Invention Title:

EFFICIENT ALLOCATION OF MULTI-INSTANCE GPU IN AI MODEL SERVICE

Publication number:

US20260072741

Publication date:

2026-03-12

Section:

Physics

Class:

G06F9/5016

Inventors:

Eun Kyung Lee 🇺🇸 Bedford Corners, NY, United States

Chen Wang 🇺🇸 Chappaqua, NY, United States

Christopher Scott MILITE 🇺🇸 Southbury, CT, United States

Rina Inoue 🇯🇵 Sumida-ku, Japan

Yue Zhu 🇺🇸 West Harrision, NY, United States

Maxwell Preston Calman 🇺🇸 Briarcliff Manor, NY, United States

Thomas Morris 🇺🇸 New Fairfield, CT, United States

Assignee:

INTERNATIONAL BUSINESS MACHINES CORPORATION 🇺🇸 ARMONK, NY, United States

Applicant:

INTERNATIONAL BUSINESS MACHINES CORPORATION 🇺🇸 Armonk, NY, United States

Smart overview of the Invention

An efficient method for allocating multi-instance GPUs in AI model services is described. This system analyzes inference requests to determine execution parameters and assesses the computing environment of a Large Language Model (LLM) to extract environmental parameters. The system utilizes a database of profiles to select optimal configurations for executing inference requests, aiming to enhance energy and resource efficiency.

Methodology

The process involves selecting a profile from a database using parameters derived from both the execution request and the environment. Instructions are then sent to a controller associated with a multi-instance GPU (MIG), which modifies the computing resources available to a specific MIG slice based on the profile's performance specifications. This ensures that inference requests are executed efficiently using the adjusted computing resources.

Benefits

This approach addresses the challenge of balancing performance and cost.
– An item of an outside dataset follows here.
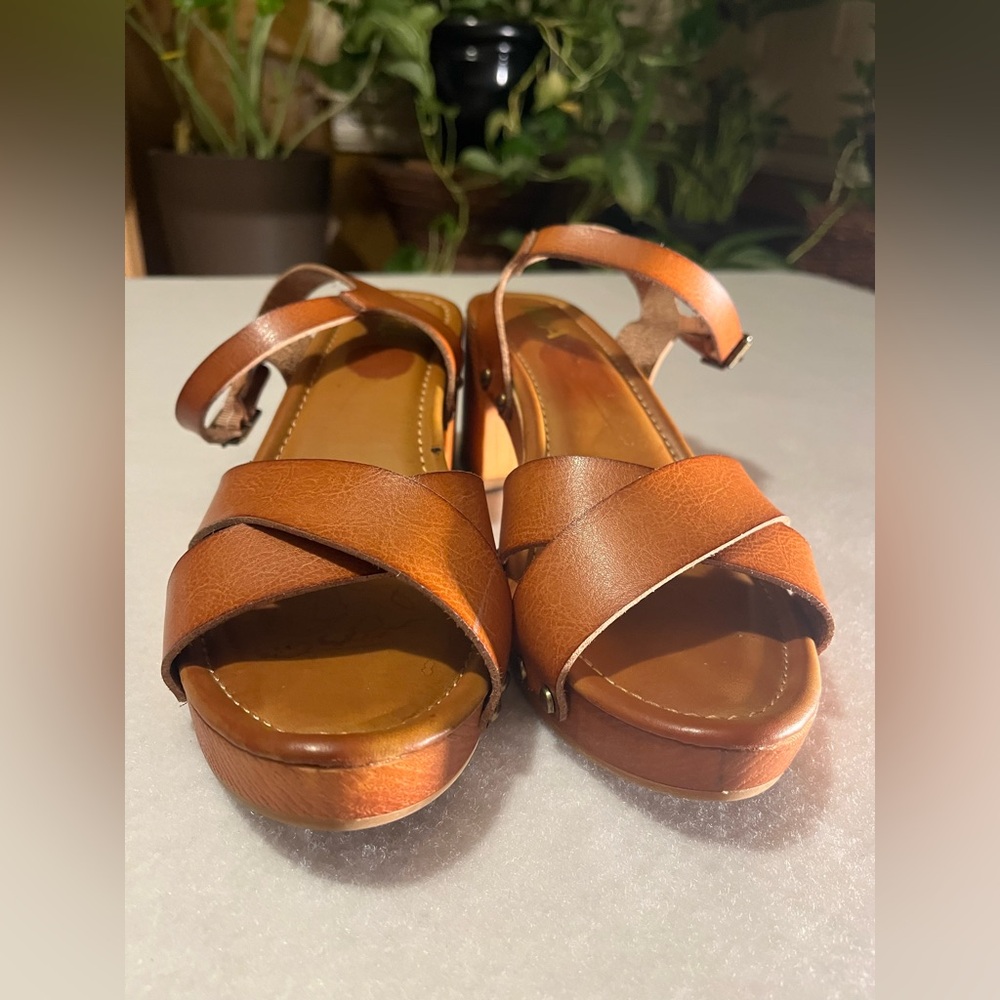 MIA Brown Leather Cross-Strap Platform Sandals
By preventing overallocation of resources, the system reduces unnecessary costs and resource wastage, while also minimizing latency for queued workloads. Efficient resource allocation also helps in prolonging the lifespan of GPUs by preventing premature wear and tear.

Applications

Beyond the primary goal of optimizing GPU usage, this system is applicable to various AI-driven industries where LLMs are deployed. Different workloads and models require distinct GPU configurations, and this method ensures optimal operation across diverse scenarios. It can manage resources for multiple models, adjusting configurations to meet specific performance and cost parameters.

Considerations

The system recognizes that GPU utilization is influenced by multiple factors, including the type and timing of inference requests, software configurations, and model-specific requirements. By understanding these variables, the system can dynamically adjust resources to maintain efficient operations and meet varying demands throughout different times and conditions.